Oh, to be Theresa May. On Friday, the anniversary of her needlessly throwing away her parliamentary majority, she boarded a plane to Canada to watch the President of the United States be too busy dismantling the rules-based international order to have time to speak to her.
Once upon a time, people imagined Tony Blair to have been unlucky in regard to the hand dealt him by the White House. Not anymore.
That the G7 summit began with Trump petitioning for the return of Russia is fitting enough. And then, on Sunday, emails were leaked suggesting Russian involvement in Brexit to have been even more significant than previously imagined.
Now Theresa May stands on the brink of two days of the most crucial House of Commons votes on Brexit thus far, ones that have the capacity to pull apart what is an already threadbare negotiating strategy with the European Union.
On Monday night, she had to make a rare visit to a weekly meeting of her own backbench MPs, to persuade them to back her or else potentially end her premiership. It may just be that these coming votes mark the starting point of the end of what Boris Johnson has called Brexit’s “meltdown” phase.
Whether the Conservatives are in meltdown already is not clear, but many of them will have had to hold themselves against direct heat for some time, so as to be malleable enough to pull off the kind of political contortions that the next two days will require of them.
The most important arguments in favour of Brexit, notably the risk of Turkey joining the European Union, were deliberate and straightforward lies.
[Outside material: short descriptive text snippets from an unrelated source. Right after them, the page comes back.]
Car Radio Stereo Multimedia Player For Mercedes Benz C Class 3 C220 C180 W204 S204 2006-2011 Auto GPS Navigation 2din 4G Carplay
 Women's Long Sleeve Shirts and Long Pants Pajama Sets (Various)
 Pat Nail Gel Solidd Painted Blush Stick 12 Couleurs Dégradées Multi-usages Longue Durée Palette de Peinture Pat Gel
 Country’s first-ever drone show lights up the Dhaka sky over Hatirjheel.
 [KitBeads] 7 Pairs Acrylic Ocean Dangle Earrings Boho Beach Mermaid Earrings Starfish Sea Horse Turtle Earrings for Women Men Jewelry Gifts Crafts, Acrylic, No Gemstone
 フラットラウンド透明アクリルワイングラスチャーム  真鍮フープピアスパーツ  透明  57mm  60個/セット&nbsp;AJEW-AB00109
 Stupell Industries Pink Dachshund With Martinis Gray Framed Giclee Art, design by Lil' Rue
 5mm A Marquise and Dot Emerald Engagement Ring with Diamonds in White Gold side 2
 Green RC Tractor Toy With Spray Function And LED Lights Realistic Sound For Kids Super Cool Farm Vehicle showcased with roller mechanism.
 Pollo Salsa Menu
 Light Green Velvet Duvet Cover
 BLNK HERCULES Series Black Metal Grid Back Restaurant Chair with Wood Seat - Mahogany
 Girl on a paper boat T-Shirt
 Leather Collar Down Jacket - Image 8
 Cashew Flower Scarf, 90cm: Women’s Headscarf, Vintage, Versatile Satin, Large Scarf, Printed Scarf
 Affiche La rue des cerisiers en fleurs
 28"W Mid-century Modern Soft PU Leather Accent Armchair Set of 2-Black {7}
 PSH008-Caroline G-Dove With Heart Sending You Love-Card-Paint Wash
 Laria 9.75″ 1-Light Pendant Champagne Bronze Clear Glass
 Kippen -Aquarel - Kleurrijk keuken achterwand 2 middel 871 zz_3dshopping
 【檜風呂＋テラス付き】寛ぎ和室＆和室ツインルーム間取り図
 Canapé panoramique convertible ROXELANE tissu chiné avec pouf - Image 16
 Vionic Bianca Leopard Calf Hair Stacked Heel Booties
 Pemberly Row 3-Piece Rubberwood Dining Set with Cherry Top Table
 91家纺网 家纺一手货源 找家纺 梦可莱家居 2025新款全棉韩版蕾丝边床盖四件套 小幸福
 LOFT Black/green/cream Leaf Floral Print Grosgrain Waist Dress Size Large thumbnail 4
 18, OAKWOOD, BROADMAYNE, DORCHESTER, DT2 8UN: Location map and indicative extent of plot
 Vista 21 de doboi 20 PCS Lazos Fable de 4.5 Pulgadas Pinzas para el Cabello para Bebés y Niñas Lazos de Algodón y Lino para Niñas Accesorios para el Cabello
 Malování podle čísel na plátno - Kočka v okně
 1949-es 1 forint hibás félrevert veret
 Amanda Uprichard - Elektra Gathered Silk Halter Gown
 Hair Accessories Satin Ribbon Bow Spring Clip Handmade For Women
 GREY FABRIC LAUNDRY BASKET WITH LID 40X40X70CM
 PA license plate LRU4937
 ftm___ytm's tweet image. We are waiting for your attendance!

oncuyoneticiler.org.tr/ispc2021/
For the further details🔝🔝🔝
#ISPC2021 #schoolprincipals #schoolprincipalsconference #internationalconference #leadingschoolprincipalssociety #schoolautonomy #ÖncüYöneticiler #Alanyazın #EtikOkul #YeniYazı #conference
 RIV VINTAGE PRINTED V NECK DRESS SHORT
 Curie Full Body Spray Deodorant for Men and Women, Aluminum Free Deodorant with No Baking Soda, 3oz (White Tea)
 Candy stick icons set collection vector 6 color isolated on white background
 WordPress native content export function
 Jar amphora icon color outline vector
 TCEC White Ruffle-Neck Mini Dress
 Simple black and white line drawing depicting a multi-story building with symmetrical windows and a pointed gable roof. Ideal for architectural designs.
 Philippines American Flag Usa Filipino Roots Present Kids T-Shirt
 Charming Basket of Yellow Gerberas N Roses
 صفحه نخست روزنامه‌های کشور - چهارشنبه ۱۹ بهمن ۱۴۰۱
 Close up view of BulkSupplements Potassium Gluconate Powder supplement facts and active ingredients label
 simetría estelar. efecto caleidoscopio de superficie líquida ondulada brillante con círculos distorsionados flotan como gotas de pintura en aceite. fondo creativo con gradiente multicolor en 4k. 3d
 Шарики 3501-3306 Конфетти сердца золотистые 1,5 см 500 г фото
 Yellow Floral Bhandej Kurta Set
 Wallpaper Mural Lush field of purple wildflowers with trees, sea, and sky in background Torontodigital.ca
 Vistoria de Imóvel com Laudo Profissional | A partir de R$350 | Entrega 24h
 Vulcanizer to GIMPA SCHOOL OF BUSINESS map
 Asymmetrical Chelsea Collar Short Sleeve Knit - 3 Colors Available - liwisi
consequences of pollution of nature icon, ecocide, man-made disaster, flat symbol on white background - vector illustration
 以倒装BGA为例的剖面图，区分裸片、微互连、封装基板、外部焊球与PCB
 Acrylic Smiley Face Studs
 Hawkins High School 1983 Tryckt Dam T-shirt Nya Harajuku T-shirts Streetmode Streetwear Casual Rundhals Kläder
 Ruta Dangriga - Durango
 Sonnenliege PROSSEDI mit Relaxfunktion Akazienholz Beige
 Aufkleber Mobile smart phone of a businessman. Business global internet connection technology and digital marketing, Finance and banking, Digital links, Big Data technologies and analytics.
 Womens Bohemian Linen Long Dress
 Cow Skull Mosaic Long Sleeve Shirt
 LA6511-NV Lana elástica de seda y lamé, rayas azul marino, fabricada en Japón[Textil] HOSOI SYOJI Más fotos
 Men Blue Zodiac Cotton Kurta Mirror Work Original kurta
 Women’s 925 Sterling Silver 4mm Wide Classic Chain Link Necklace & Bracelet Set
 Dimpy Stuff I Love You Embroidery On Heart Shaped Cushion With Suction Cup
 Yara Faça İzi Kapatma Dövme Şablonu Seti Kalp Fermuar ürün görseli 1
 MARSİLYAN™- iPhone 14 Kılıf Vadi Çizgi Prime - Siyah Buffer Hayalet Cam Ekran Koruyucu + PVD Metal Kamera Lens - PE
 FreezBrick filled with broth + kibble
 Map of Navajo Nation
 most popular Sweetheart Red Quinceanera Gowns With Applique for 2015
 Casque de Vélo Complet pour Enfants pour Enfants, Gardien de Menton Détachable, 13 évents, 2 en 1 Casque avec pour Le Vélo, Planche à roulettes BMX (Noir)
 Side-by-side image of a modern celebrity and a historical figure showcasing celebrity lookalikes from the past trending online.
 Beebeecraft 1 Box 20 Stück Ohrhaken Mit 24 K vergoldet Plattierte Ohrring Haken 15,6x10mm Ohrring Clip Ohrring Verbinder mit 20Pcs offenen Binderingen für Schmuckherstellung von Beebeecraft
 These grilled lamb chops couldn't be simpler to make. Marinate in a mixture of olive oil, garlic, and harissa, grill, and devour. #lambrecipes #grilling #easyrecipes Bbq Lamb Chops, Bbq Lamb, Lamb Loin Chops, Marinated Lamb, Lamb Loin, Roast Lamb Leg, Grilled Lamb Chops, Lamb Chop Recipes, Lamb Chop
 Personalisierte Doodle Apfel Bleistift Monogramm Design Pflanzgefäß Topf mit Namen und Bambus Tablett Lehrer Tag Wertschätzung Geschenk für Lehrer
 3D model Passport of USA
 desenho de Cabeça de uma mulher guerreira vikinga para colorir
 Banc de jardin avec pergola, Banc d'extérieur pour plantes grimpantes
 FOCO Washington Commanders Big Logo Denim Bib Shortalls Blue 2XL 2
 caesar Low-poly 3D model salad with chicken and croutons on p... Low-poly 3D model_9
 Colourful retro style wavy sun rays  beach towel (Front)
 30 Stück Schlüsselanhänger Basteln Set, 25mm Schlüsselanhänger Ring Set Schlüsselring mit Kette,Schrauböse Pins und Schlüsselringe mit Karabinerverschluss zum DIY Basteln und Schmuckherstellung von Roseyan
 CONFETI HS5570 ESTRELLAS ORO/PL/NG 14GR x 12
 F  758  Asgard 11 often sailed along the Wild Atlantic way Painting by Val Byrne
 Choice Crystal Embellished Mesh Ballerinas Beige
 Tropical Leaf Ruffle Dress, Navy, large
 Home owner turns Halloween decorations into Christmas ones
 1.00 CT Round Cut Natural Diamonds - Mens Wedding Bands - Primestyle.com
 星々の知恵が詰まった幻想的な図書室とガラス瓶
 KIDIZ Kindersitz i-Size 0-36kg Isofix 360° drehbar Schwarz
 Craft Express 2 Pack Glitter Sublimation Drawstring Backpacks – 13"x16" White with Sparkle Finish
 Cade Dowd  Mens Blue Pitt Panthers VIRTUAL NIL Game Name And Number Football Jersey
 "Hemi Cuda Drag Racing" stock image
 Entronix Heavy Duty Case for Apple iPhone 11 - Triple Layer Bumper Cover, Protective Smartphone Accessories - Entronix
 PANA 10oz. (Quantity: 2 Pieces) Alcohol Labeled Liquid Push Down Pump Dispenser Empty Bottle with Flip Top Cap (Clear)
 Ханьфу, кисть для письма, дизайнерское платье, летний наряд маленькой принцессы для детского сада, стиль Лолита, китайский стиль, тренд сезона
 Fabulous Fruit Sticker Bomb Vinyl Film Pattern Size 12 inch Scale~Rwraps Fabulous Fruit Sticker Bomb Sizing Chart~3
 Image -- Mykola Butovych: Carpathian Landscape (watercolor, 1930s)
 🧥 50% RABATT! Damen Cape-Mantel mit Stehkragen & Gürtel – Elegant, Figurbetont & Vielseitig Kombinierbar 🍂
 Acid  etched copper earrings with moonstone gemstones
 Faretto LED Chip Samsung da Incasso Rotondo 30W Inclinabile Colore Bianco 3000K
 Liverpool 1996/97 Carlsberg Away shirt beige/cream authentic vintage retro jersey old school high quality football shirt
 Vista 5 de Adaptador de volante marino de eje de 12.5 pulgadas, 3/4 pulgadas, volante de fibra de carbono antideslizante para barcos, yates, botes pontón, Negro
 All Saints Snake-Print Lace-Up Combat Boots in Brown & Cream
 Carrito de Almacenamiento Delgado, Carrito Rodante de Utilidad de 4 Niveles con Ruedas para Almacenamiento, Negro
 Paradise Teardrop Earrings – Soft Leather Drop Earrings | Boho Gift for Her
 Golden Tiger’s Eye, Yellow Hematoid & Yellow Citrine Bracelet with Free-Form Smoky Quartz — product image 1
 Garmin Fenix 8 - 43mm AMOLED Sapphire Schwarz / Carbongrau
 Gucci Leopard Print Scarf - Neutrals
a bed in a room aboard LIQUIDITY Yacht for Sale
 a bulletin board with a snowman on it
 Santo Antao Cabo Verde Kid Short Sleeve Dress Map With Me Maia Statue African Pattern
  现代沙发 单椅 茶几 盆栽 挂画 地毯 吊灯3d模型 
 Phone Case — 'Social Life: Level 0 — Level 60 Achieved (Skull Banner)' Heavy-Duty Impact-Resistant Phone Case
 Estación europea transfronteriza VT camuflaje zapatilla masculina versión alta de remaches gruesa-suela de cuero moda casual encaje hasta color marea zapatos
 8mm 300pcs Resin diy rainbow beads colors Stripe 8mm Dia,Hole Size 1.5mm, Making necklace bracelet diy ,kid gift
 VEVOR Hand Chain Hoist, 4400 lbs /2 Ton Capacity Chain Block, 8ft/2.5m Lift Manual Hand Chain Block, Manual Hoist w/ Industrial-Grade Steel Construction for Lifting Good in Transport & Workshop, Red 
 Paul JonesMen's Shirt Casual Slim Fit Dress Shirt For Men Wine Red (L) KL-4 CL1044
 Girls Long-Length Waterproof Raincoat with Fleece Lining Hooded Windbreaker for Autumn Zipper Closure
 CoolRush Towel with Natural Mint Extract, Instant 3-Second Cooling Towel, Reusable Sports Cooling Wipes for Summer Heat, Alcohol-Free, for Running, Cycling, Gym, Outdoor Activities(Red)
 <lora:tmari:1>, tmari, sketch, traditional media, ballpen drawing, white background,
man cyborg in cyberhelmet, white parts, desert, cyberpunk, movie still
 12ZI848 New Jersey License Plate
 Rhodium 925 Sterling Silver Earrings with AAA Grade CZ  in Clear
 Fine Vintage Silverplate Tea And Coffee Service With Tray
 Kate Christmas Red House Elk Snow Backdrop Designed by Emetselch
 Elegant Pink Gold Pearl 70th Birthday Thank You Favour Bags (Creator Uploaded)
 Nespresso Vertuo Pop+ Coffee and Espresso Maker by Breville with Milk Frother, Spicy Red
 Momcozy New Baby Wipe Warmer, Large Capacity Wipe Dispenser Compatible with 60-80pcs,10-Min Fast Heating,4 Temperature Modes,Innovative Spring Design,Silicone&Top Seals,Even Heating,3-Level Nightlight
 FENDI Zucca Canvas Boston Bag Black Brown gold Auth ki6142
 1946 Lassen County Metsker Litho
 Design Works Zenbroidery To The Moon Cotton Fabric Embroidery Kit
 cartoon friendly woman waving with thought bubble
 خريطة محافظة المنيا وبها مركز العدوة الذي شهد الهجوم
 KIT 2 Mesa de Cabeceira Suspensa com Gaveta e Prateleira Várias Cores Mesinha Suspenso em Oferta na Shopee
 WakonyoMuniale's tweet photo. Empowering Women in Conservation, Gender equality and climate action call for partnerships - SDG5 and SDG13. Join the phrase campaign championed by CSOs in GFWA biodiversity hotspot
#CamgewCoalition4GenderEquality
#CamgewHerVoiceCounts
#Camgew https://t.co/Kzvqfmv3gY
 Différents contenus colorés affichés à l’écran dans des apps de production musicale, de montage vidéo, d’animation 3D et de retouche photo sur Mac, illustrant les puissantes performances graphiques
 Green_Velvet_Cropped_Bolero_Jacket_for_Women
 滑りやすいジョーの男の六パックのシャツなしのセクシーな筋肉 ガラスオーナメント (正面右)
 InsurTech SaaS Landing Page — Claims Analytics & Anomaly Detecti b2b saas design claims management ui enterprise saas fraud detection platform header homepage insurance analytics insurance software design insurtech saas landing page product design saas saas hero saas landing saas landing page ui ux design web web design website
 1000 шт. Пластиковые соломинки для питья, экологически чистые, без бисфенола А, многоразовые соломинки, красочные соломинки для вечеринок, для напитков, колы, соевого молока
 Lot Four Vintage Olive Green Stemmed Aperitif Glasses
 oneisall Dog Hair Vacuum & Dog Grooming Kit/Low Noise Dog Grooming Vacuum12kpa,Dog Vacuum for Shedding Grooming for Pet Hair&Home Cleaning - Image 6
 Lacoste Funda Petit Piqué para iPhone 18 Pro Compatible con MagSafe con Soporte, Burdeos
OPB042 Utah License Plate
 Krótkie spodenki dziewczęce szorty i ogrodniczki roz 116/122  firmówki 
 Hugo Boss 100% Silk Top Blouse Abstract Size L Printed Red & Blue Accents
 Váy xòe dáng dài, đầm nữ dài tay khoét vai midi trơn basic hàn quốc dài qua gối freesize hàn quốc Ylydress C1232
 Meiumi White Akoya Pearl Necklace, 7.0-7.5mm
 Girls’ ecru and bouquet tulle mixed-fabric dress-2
Among the lesser ones was the “restoration of parliamentary sovereignty.”
If you imagine the pro-Brexit case as the intellectual equivalent of a toddler let loose on a drum kit, over the past two years “parliamentary sovereignty” has been the cymbal, clattered over and over again with wild excitement.
The most meaningful vote among Tuesday and Wednesday’s 15 votes will concern the “meaningful vote” – that MPs should be given the power to say yes or no to the eventual deal that returns from Brussels and, should they say no, the UK’s negotiators should be sent back to Brussels to carry on negotiating.
Unsurprisingly, it is not Bernard Jenkin, John Redwood, Bill Cash, Jacob Rees-Mogg or indeed anyone else who have spent years, if not decades, talking about restoring parliamentary sovereignty, who need to be convinced to vote against parliamentary sovereignty in this case.
Rather it is the likes of Nicky Morgan, Anna Soubry, Dominic Grieve and the rest.
Theresa May faces a difficult challenge. She must convince her party to give her the backing to get on with negotiating the Brexit she wants. To strengthen her hand, if you like, in her negotiations with Brussels. The very thing that the public so emphatically declined to do almost a year ago today.
Still, her hand has been re-dealt since then. She is moving in a direction far more amenable to Conservative Remainers.
The “out of the single market, out of the customs union” plan lives on in rhetoric only. Instead there is the “customs partnership”, as frictionless trade as possible, the transition, the backstop option, all of which intimate at Theresa May’s Brexit train inching slowly, and with vast internal fuss, toward the destination Brussels has always had in mind for it.
No one is taking or making much in the way of bets on what will happen in these many votes. The vote on the meaningful vote bears great resemblance to the only one Brexit vote she has thus far lost.
Brexit’s meltdown phase will leave no one happy with the outcome. But in a nation that has been utterly divided by the most divisive issue it has faced in generations, that no one will end up happy is both appropriate, and, arguably, comforting.